GOAL OF THE EXERCISE - Pictures appear among the records below and must be omitted. Repeat exactly the lines from the line with "PPD40 soviet ww2" to the line with "1970s vintage Turkish", both included.

DATA FOR PROCESSING -
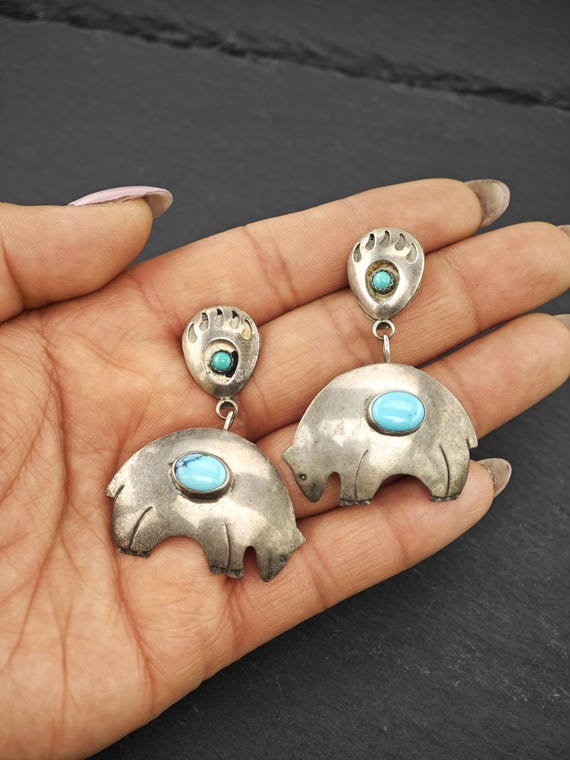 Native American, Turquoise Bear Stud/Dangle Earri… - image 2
...
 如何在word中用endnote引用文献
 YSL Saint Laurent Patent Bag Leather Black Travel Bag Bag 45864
...
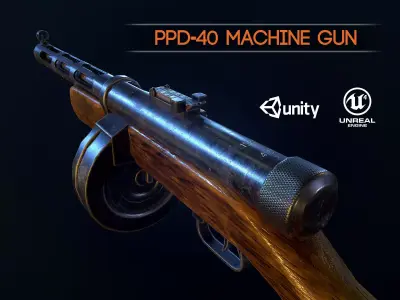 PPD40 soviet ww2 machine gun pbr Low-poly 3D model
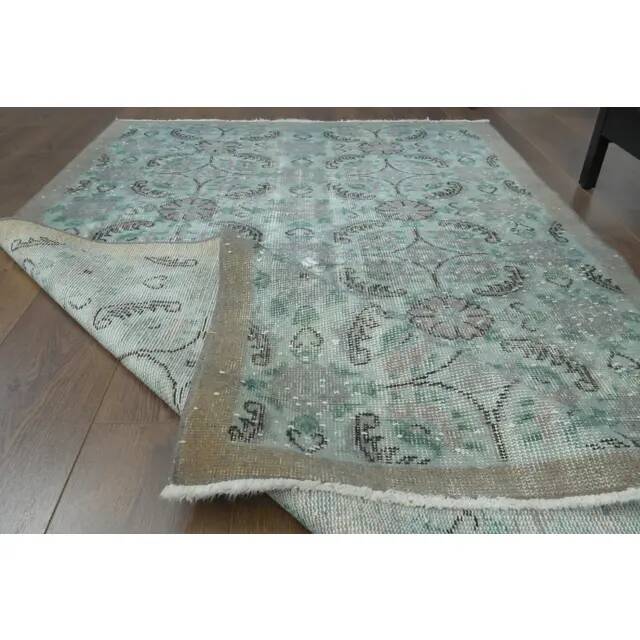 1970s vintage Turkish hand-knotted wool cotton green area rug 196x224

OUTPUT OF THE EXERCISE -
 PPD40 soviet ww2 machine gun pbr Low-poly 3D model
 1970s vintage Turkish hand-knotted wool cotton green area rug 196x224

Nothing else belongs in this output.